I settled into my conversation with Ken, expertly balancing my cell phone between my left shoulder and ear, as I typed away with both hands. I was able to keep up with Ken almost word for word (spellcheck be damned!) and he was giving me good stuff. At one point, Mr. Dunn even complemented me on tying the state of the economy to a possible citizen readiness to “go green.” Good so far.

We were on the last question, me furiously typing away and lauding myself on writing my material beforehand, when that pesky Office Assistant appeared on the right hand side of the screen. You know, that paper clip shaped asshole who ALWAYS assumes you need help writing a friggin’ letter when you are in fact on your way to media superstardom? I swatted that little piece of crap away with a right click. Of course the presumptuous and arrogant icon asked me if I were sure, and on my confirmation that I did indeed want him to go away, I watched with horror as everything disappeared.

And that’s when it hit me. I. Never. Hit. Save. Not even when I started to write my questions, never gave it a name. Nada. I grabbed frantically for a piece of paper and scribbled down Ken’s last few words as internally, I felt my journalistic career end before it ever began.

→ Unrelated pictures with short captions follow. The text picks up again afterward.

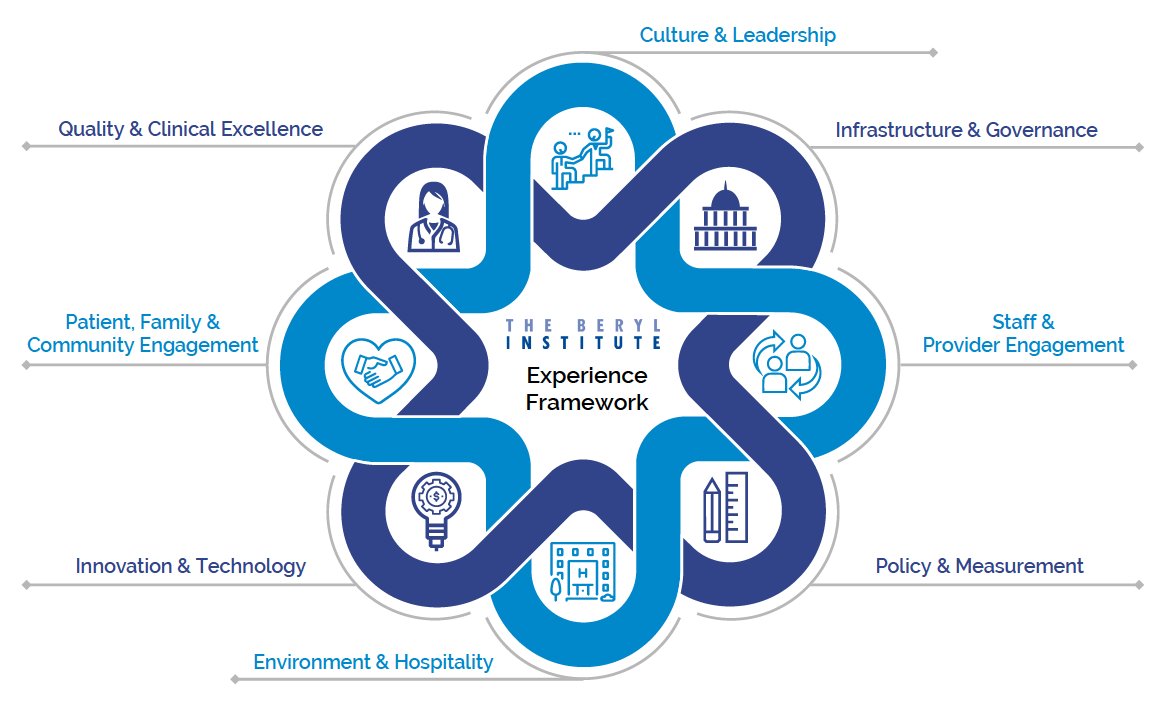 jasonawolf's tweet photo. "As focus on experience expands, it requires new ways of thinking & doing and the technologies & tools to ensure efficiencies, expand capacities & extend boundaries of care" #Innovation #HealthIT essential to pos #PtExp (if done right) #ExperienceFramework https://t.co/564HkYN9sx https://t.co/CB1zr1oYx2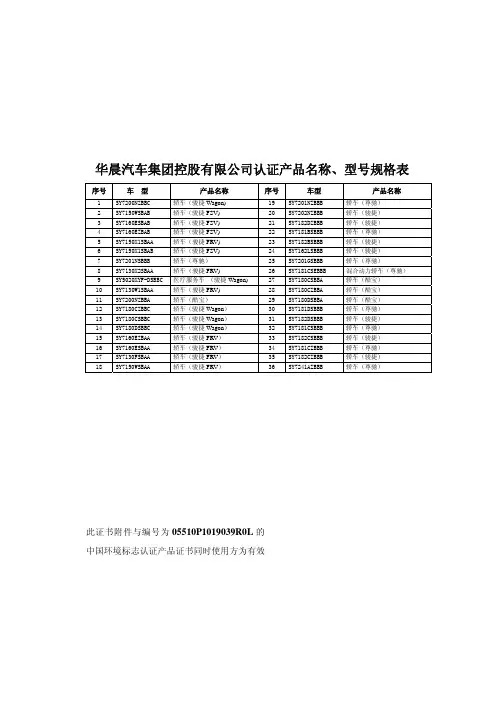 华晨汽车集团控股有限公司认证产品名称、型号规格表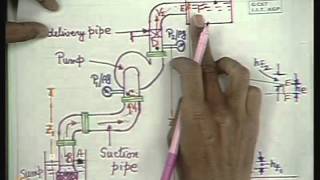 Mod01 Lec16 Matching of Pump and System Characteristics [upl. by Ditter]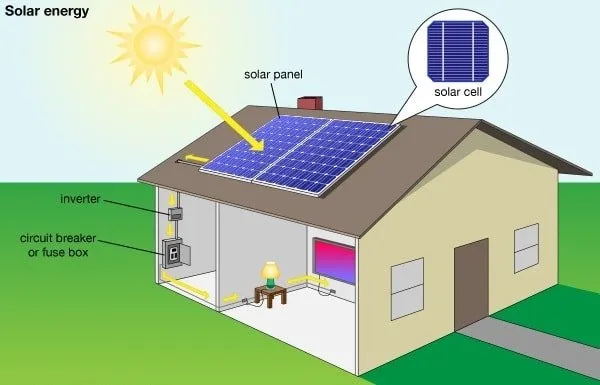 solar panel system for your home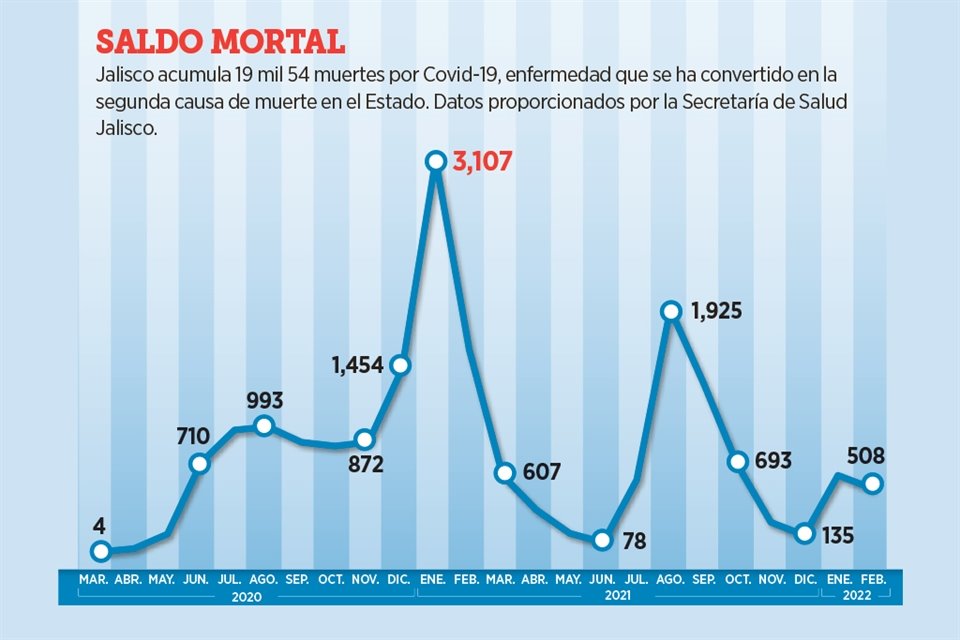 Muertes por Covid.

As we ended the call, I did a nonchalant job of holding it together. Mr. Dunn generously offered himself for follow-up questions once I began to piece the article together. I slipped into good manners on auto pilot, “Why thank you Mr. Dunn. So kind and thoughtful of you. I would be simply delighted to touch base with you again (clearly in a panic, my manners become one and the same with Jane Austen’s).” I gingerly hung up the phone and then lapsed into full hysteria. I called my husband, by this time foaming at the mouth. He’s in IT right, and what are IT guys good for if not to help salvage your documents? To Eddie’s everlasting credit, he resisted the obvious urge to laugh at me and snipe that what was never saved could thus never be recovered. He even gamely opened Microsoft Word and played along as I unleashed a string of curse words on mineself I am embarassed to repeat in mixed company.

Ok then, I had to regroup. Fortunately, I have a good memory. I am 30 years old and have not yet required even one ginko biloba tablet in order to retain the copious information I ingest daily. I took a few deep breaths, and started by recreating my questions. I did not get them exactly word for word, but these were not being printed anyway. No matter. To my surprise, my instant recall allowed me to remember more of what Mr. Dunn said verbatim than I dared hope. I tried to tell myself that what I had lost was probably the chaff anyway, but we’ll see how I feel after I start to get feedback on the piece.

I would be remiss if I did not point out the irony of a woman who has spent nearly all her life typing: grade school, high school, undergrad and graduate school. From the early days of Word Perfect up until today’s MS Office 2007, I have word processed, Control C’d and written essays ad nauseum. And yet, when my biggest authorial opportunity presented itself, I never hit Save? Are you kidding me? How Kate Hudson rom-com cliche is that? So now (if you happen to do me the honor of reading my article later this month) you know, as Paul Harvey might have said, “the rest of the story.”